Friday 14 April 2017

Dolmenwood: Grimalkin Tweaks

Image result for cheshire cat

I've been running a couple of parallel campaigns set in Dolmenwood, since the autumn, and have finally got to see the grimalkin class presented in Wormskin issue one in play. The class is a lot of fun: what's not to like about a fairy cat which can fight, pick locks, and cast spells and has three different shapes to shift between?

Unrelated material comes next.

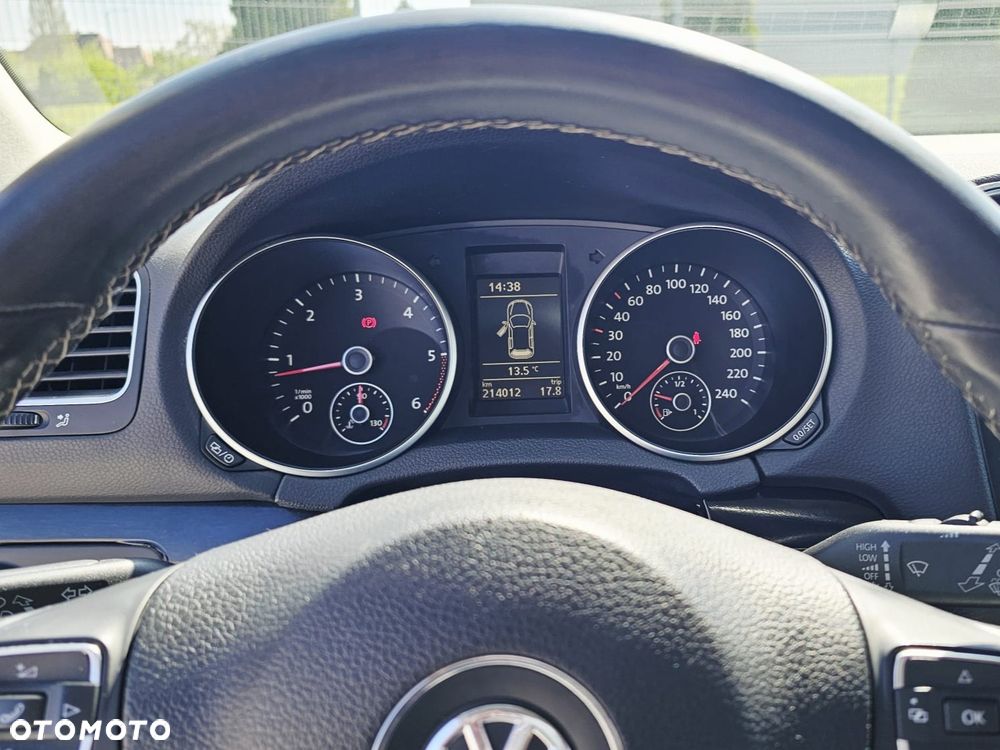 Volkswagen Golf 1.6 TDI Comfortline - 27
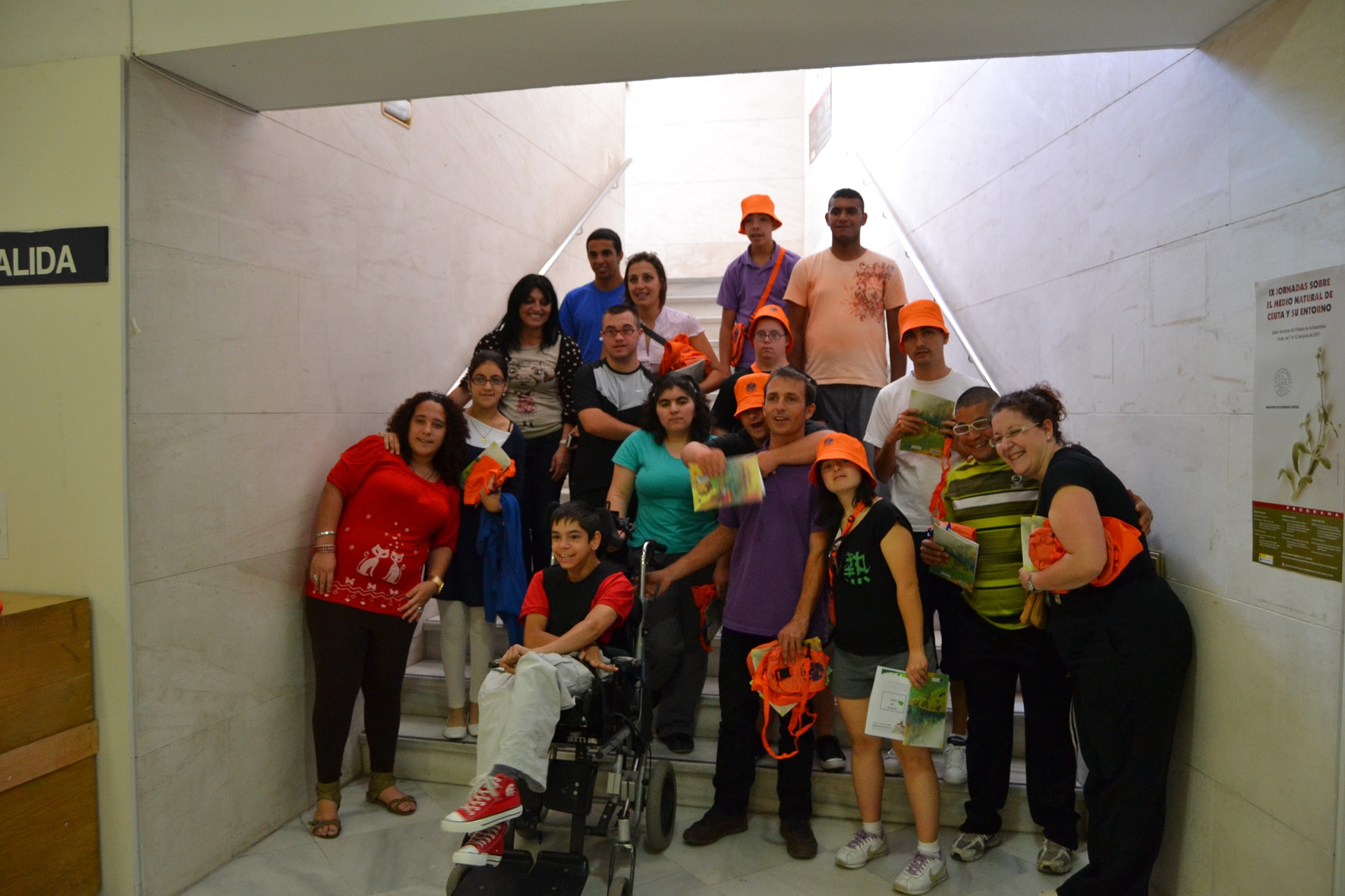 FotoInauguracionOficialColegioEESanAntonioFotoGrupo.08.06.2011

However, I've noticed a few issues with the class, in play:

  1. Grimalkin are small: around 3-4' high, about the same size as trad D&D halflings. Like halflings, they can only use small weapons, but they don't gain the associated benefits of being small, namely: an AC bonus when in combat with large creatures.
  2. The main means of transition between the humanoid form (estray) and the moggy form (chester) is the consumption or avoidance of town rats. While this is a charming idea, I've found it troublesome in play, for several reasons. Firstly, in my experience, when PCs are in town, the presence or not of rats is rarely something that comes up explicitly. Of course, the referee could bear this in mind, if a grimalkin PC is present, but it's not a part of the usual course of a game session. Secondly, whatever the PC may think, the player wants to stay in estray. In chester, the grimalkin's class abilities are greatly reduced and the state would be avoided by most players. This leads to the non-cat-like behaviour of avoiding rats! This, for me, is the main issue with the mechanics as written. Thirdly, if the character is avoiding rats "like the plague", that means they should avoid going into town. This presents logistical difficulties: does the grimalkin PC stay in the forest when the others in the party go shopping in town? Do they not sleep in the inn with the others? It encourages a "split the party" mentality, which is hassle to deal with. In the end, I've found that I've just completely ignored the whole rats thing, which is a shame.
  3. Though the PC grimalkin in my games has never got into chester (yet), I do notice that the abilities of that form are a little vaguely defined.
  4. While transitioning back to estray from chester just requires either alteration magic or stopping eating town rats, the transition back from the third form -- wilder -- is far more difficult. It requires a potion made from obscure ingredients which -- as the grimalkin in this state is highly chaotic -- the character's companions would have to attain and administer. As wilder is something of an "emergency state" for a grimalkin, this difficulty in changing back to its more civilised form seems ok, in and of itself. The issue here is more theoretical: without companions to look out for it, how would a grimalkin ever transform from wilder back to estray?
So, I've been thinking of trying out the following tweaks:
  1. This is simple. Just give grimalkin the same AC bonus as halflings get: +2 when attacked by a larger-than-human creature.
  2. Fixing the issue with rats requires a larger change to the class. What I'm thinking of has several aspects. Firstly, to restore the cat-like glee at killing rodents, I'd specify that grimalkin compulsively attack rats (including giant rats), unless a save versus spells is successful (in situations where the character tries to suppress the instinct). Secondly, I'd undo the connection between eating rats and going into chester. Instead, we could say that (continuing the theme of certain types of magic triggering a grimalkin's transformations) every time a grimalkin in estray is targeted by transformative magic, there is a 50% chance of it entering chester. To come back, a further application of alteration magic can be used or (for sake of playability) the character reverts at dawn. I'd also stipulate that a grimalkin can willingly enter or choose to remain in chester. A willing transformation would take 1d6 rounds. (All of the PC's clothing and equipment melds into its body, when in chester.)
  3. We can say that a grimalkin in chester is intelligent and can understand language, but can only respond in yowls and meows. The addition of a claw/claw/bite attack routine (d2 damage per hit) also seems reasonable.
  4. I think simply saying that a grimalkin in wilder has an X-in-6 chance per some period of naturally (spontaneously) reverting to estray would fix this theoretical issue. For playability as a PC race, I'd make this pretty lenient: a 1-in-6 chance per day, say.
I'll be interested to try out these tweaks to see how they work in practice and if they address the issues I've had with the class.